■ **What is needed**: Repeat every line of the data exactly, but not the pictures.
(Beginning of Data)
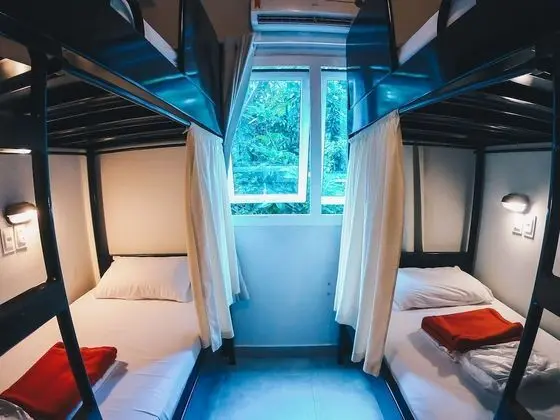 Ortak Ranzalı Oda, Karma Ranzalı Oda (For 6 people)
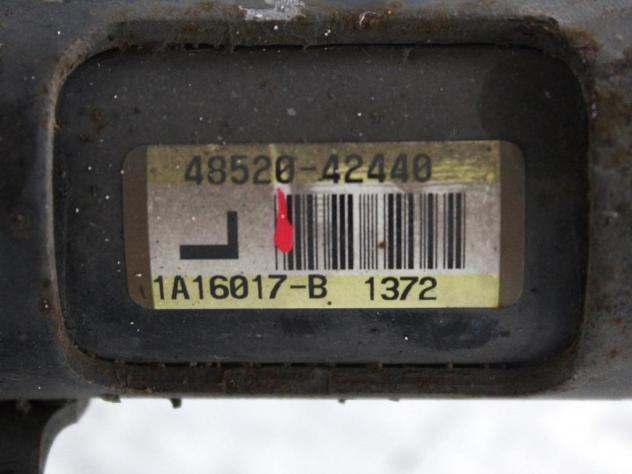 48520-42440 AMMORTIZZATORE ANTERIORE SINISTRO TOYOTA RAV 4 2.0 D 91KW 5P (2017) RICAMBIO USATO - Foto 5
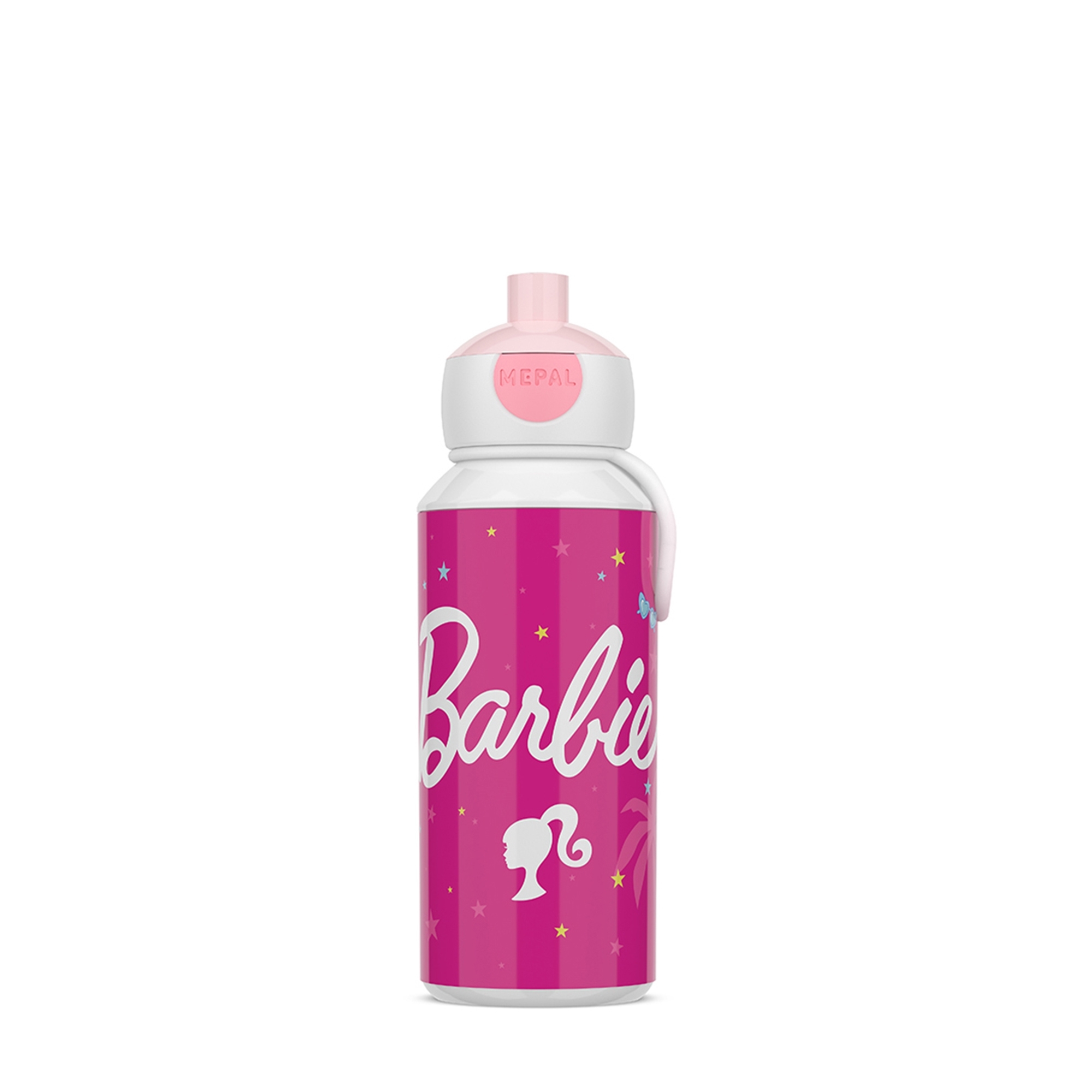 Mepal - Campus - Pop-Up drinking bottle - Barbie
(End of Data)
■ **Expected answer**:
 Ortak Ranzalı Oda, Karma Ranzalı Oda (For 6 people)
 48520-42440 AMMORTIZZATORE ANTERIORE SINISTRO TOYOTA RAV 4 2.0 D 91KW 5P (2017) RICAMBIO USATO - Foto 5
 Mepal - Campus - Pop-Up drinking bottle - Barbie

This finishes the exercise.